Friday’s storm stretched from South Texas, where anxious residents bagged outdoor plants to protect them from the cold, through the Midwest and Ohio Valley and up into New England and the Canadian Maritimes.
The weather forced more than 1,000 flight cancellations at Dallas-Fort Worth International Airport, one of the nation’s busiest airports and a key hub for Fort Worth-based American Airlines. Many travelers were stuck waiting — and hoping for another flight.
Trouble there forced nearly 20 cancellations at Austin-Bergstrom International Airport, mainly American Airlines flights to and from DFW.
While freezing rain and sleet built up on many of North Texas’ highways and created what one retailer dubbed “Ice Friday” as residents cleared grocery and hardware store shelves and then hunkered down in preparation of a weekend of continued icy weather, many Austin area residents were able to avoid mishaps with a little caution.
Local authorities reported rush-hour traffic lighter than usual Friday.

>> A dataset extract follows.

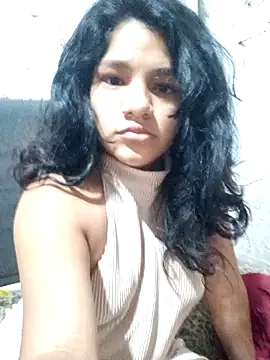 Snapshot of sivi22 chatting on 02/24/26, 01:31 sivi22 online show from 02/24/26, 01:31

One reason was that many employers, anticipating icy conditions, told workers to stay home or work remotely. The result: Neighborhood coffee shops were doing a booming business, many packed with people working at tables and on stools.
“With a laptop and a cell, you’ve got an office,” said Renita Knight, an accountant who was working at a Starbucks coffee shop off of U.S. 183, instead of her office in Central Austin. “I’m getting my work done and don’t have to fight the traffic today.”
At a nearby table, engineers Tim Keller and Griff Montgomery were looking over project drawings that they were scheduled to peruse in Austin, but rescheduled to a site closer to their homes because of the weather.
“We didn’t know how bad it was going to be, so we decided to meet out here,” Montgomery said. “Since the weather’s not really that bad, I’ll probably go on into the office for a while if the traffic’s not bad.”
Nearly all school districts across Central Texas started classes late Friday and canceled outdoor events throughout the weekend.
School leaders at Murchison Middle School in Northwest Austin moved their Matador Fest — including rides, games, bingo and raffle — indoors to the gym, cafeteria and courtyard. The Snow Tubing Hillside, however, was canceled, with promises from the PTA that it would bring the snow event to the school during nicer weather in January and February.